Project Presubmit Checks#
In addition to Pigweed’s presubmit checks, some projects that use Pigweed run their presubmit checks in Pigweed’s infrastructure. This supports a development flow where projects automatically update their Pigweed submodule if their tests pass. If a project cannot build against Pigweed’s tip-of-tree, it will stay on a fixed Pigweed revision until the issues are fixed. See the sample project for an example of this.
Pigweed does its best to keep builds passing for dependent projects. In some circumstances, the Pigweed maintainers may choose to merge changes that break dependent projects. This will only be done if
a feature or fix is needed urgently in Pigweed or for a different project, and
the project broken by the change does not imminently need Pigweed updates.
The downstream project will continue to build against their last working revision of Pigweed until the incompatibilities are fixed.
In these situations, Pigweed’s commit queue submission process will fail for all changes.
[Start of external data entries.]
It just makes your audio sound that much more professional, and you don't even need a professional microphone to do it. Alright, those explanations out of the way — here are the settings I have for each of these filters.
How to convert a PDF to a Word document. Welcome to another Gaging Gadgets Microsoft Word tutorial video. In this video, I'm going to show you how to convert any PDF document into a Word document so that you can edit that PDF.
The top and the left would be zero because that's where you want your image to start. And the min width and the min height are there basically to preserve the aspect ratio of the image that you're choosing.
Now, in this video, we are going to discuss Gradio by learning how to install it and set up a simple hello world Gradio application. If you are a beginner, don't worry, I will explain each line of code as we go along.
If a change passes all presubmit checks except for known failures, the Pigweed team may permit manual submission of the CL. Contact the Pigweed team for submission approval.
Code coverage in Gerrit#
Unit test coverage data for C++ is computed by the
coverage builder and
displayed in Gerrit.
When will coverage data be visible on my CL? The coverage builder needs to finish running (about 6 minutes), and then the data needs to be ingested by the coverage pipeline (ran every 30 minutes).
What tests is this based on? Only the C++ unit tests of the modules ran as part of the GN build. (There’s no coverage data for Python or Rust yet.)
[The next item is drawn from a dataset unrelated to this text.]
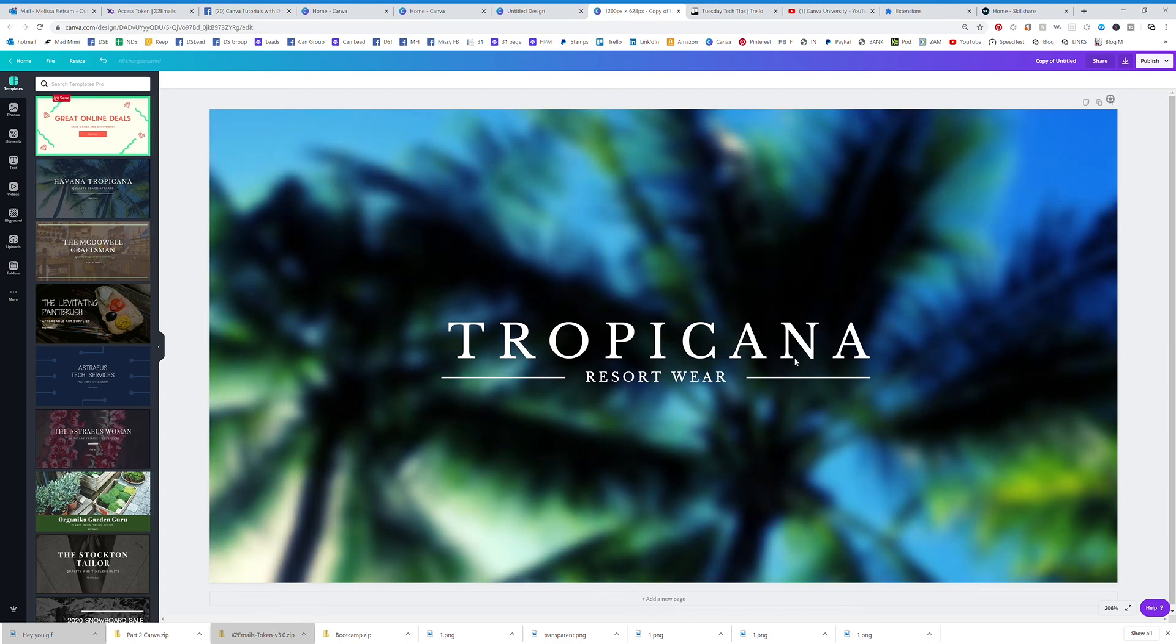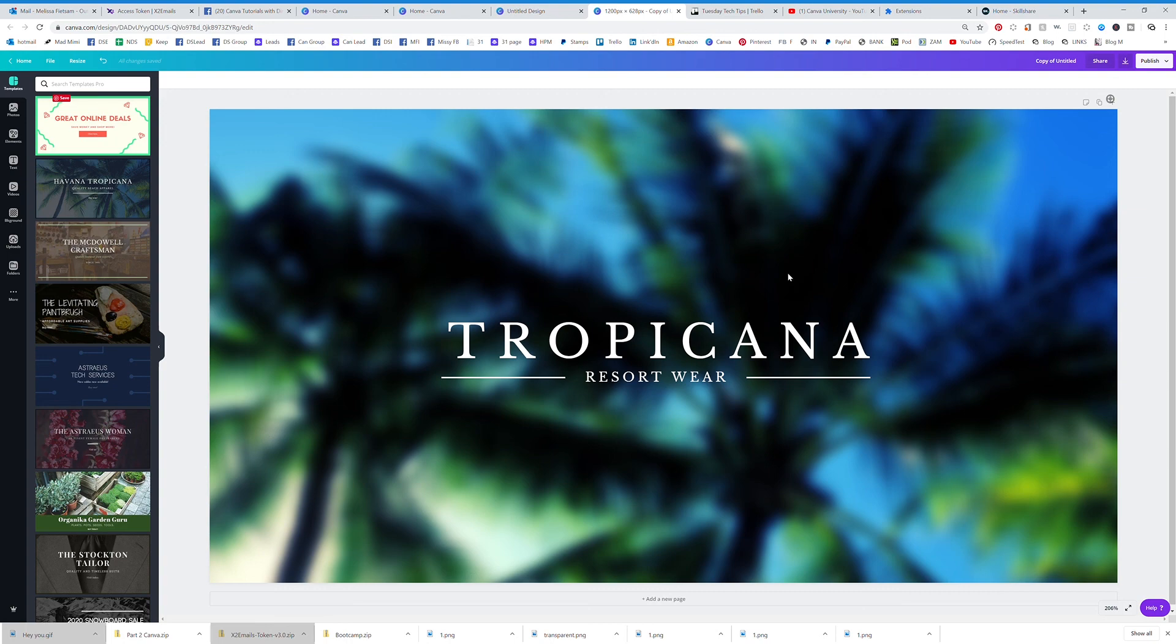There is the new copy that it made with the new dimensions. So that's how you can do custom dimensions in any of your graphics.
Can I generate a coverage report locally? Yes. Running
pw presubmit --step coveragewill generate a HTML report at
I’d love to have this in my Pigweed-based project! See Generate code coverage reports: pw_coverage_report for GN and Code Coverage for Bazel.
Running local presubmits#
To speed up the review process, consider adding pw_presubmit as a git push hook using the following command:
$ pw presubmit --install
This will be effectively the same as running the following command before every
$ pw presubmit
If you ever need to bypass the presubmit hook (due to it being broken, for example) you may push using this command:
$ git push origin HEAD:refs/for/main --no-verify
Presubmit and branch management#
When creating new feature branches, make sure to specify the upstream branch to track, e.g.
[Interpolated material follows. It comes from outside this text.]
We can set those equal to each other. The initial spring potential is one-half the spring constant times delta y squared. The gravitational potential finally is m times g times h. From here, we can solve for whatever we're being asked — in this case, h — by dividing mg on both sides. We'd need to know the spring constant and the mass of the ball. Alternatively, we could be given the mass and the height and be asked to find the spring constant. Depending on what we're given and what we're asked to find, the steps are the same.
$ git checkout -b myfeature origin/main
When tracking an upstream branch,
pw presubmit will only run checks on the
modified files, rather than the entire repository.
pw presubmit can accept a number of flags
-b commit, --base commit
Git revision against which to diff for changed files. Default is the tracking branch of the current branch. Set commit to “HEAD” to check files added or modified but not yet commited. Cannot be used with –full.
Run presubmit on all files, not just changed files. Cannot be used with –base.
-e regular_expression, --exclude regular_expression
Exclude paths matching any of these regular expressions, which are interpreted relative to each Git repository’s root.
Continue instead of aborting when errors occur.
Output directory (default: <repo root>/out/presubmit)
Package root directory (default: <output directory>/packages)
Delete the presubmit output directory and exit.
-p, --program PROGRAM
Which presubmit program to run
Provide explicit steps instead of running a predefined program.
Install the presubmit as a Git pre-push hook and exit.
Updating Python dependencies in the virtualenv_setup directory#
If you update any of the requirements or constraints files in
//pw_env_setup/py/pw_env_setup/virtualenv_setup, you must run this command
to ensure that all of the hashes are updated:
pw presubmit --step update_upstream_python_constraints --full
For Python packages that have native extensions, the command needs to be run 3 times: once on Linux, once on macOS, and once on Windows. Please run it on the OSes that are available to you; a core Pigweed teammate will run it on the rest. See the warning about caching Python packages for multiple platforms in Downloading Packages.